The 30-stock Dow Jones Industrial Average jumped 603.14 points, or 2%, to 31,535.51, boosted by a 5.8% jump in Boeing. The S&P 500 gained 2.4% to 3,901.82 as all 11 sectors registered gains, posting its best day since June 5. The tech-heavy Nasdaq Composite, which shed 4.9% last week, also popped 3% to 13,588.83.
Fewer than 40 stocks in the S&P 500 posted losses on Monday, the first trading session of March. At the Big Board, advancers outnumbered decliners by four-to-one. Energy and financials, which are popular cyclical plays, jumped more than 2.5% each amid optimism on vaccines. Meanwhile, high-growth tech shares outperformed as rates stabilized. Apple popped 5.4% and Tesla rose 6.4%.
Get New England news, weather forecasts and entertainment stories to your inbox. Sign up for NECN newsletters.
The 10-year U.S. Treasury note yield dipped to a session low of 1.41% Monday before drifting back near the flatline. Yields appeared to be stable at these levels and the 10-year rate was off its high of 1.6% last week, which encouraged investors that the rapid rise in rates was at least slowing.

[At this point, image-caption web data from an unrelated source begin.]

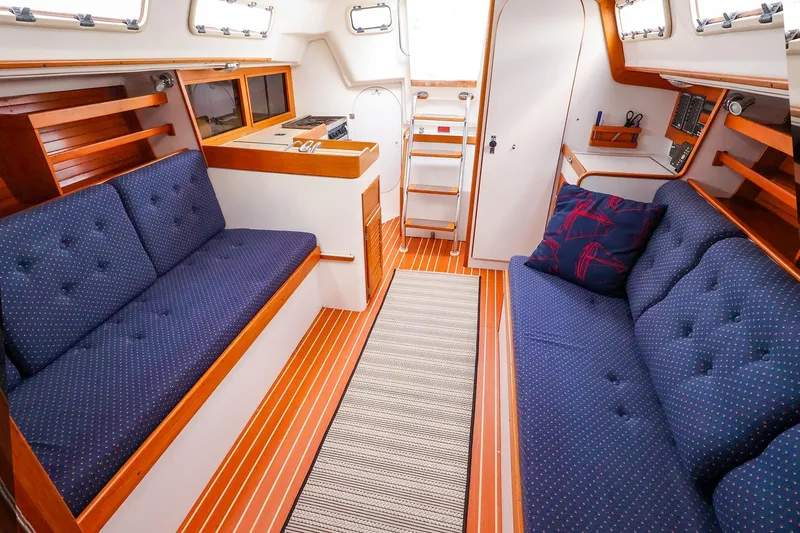 Slide: The Image of Interior of a 1999 J Boats J/32 sailboat with blue cushioned seating. - 20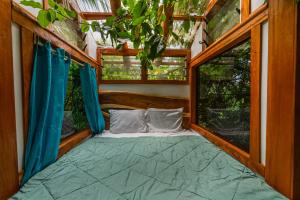 Cama en habitación con 2 ventanas en Tukulolo Treehouses en Makaunga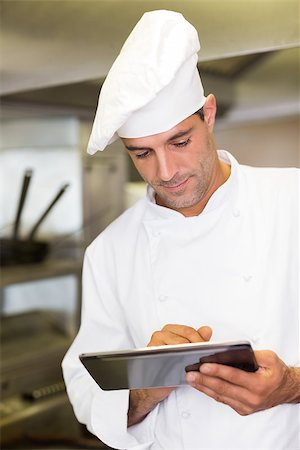 Concentrated male cook using digital tablet in the kitchen Stock Photo - Budget Royalty-Free & Subscription, Code: 400-07468054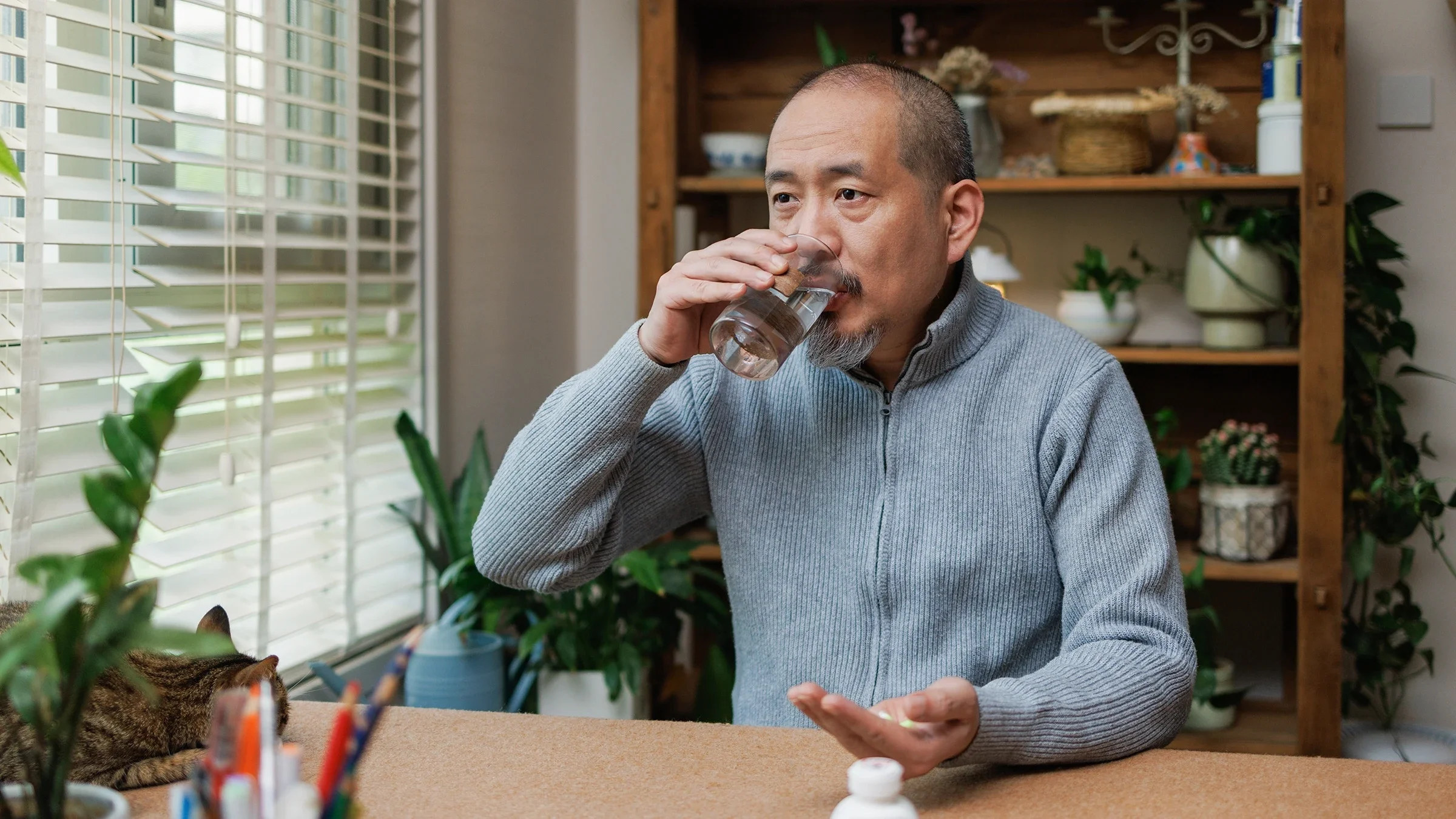 A man takes medication at home.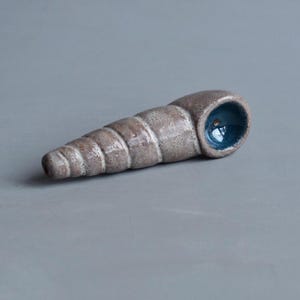 Könnte beinhalten: Eine Keramikpfeife in Form einer spiralförmigen Muschel mit einer texturierten, gesprenkelten hellbraunen Außenseite und einer glatten, glänzend tiefblauen Innenschale. Die längliche, konische Form weist deutliche Rillen und eine kleine Öffnung auf.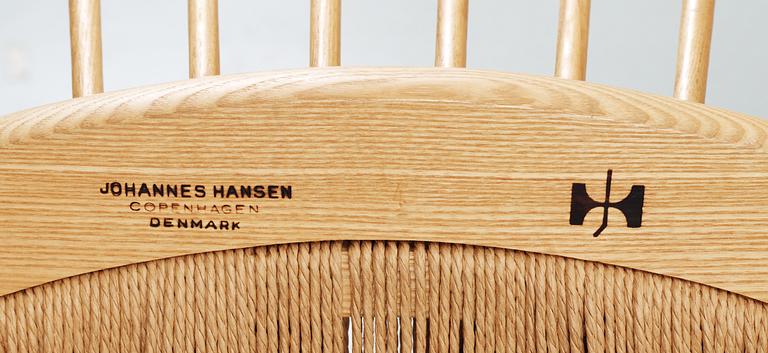 A Hans J Wegner ash and teak 'Peacock chair', Johannes Hansen, Denmark.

"Investors ask whether the level of rates is becoming a threat to equity valuations. Our answer is an emphatic 'no,'" David Kostin, Goldman Sachs' chief U.S. equity strategist, said in a note to clients. "Our bullish US equity view has already embedded expectations of rising interest rates."

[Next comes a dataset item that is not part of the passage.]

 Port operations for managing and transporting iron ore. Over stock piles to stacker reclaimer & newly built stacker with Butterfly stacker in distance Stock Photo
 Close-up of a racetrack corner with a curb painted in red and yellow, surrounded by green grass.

Boosting sentiment on the vaccine front, the Centers for Disease Control and Prevention advisory panel voted unanimously Sunday to recommend the use of Johnson & Johnson's one-shot Covid-19 vaccine for people 18 years of age and older. The company expects to ship four millions doses initially.
A sudden spike in the benchmark 10-year note rate rattled stocks last week as rising rates can threaten the relative appeal of equities and compress stock valuation by reducing the value of future cash flows. Last week, the blue-chip Dow and S&P 500 lost 1.7% and 2.5%, respectively. The technology-heavy Nasdaq suffered its worst one-day sell-off since October on Thursday and posted its worst week since then by Friday's close.

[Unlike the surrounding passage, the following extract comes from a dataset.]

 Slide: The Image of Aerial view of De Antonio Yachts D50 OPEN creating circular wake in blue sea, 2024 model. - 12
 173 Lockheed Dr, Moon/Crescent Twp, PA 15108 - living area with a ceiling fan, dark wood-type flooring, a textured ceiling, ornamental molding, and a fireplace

"Equity investors are still looking at the rise in rates mostly as 'a good thing' and not yet as a threat notwithstanding some shaking of the tree in high multiple stocks and other parts of the market last week," said Peter Boockvar, chief investment officer at Bleakley Advisory Group. "The benefits of the vaccines vs the challenge of higher rates will be the theme this year."
On the stimulus front, the House passed a $1.9 trillion Covid relief bill, the American Rescue Plan Act of 2021, early Saturday. The Senate will now consider the legislation.
The major averages rose for the month of February, bolstered by a strong earnings season, positive news on the vaccine rollout and hopes of another stimulus package.
The Dow gained 3.2% for its third positive month in four in February. The S&P 500 advanced 2.6% and the Nasdaq rose nearly 1% for its fourth positive month in a row.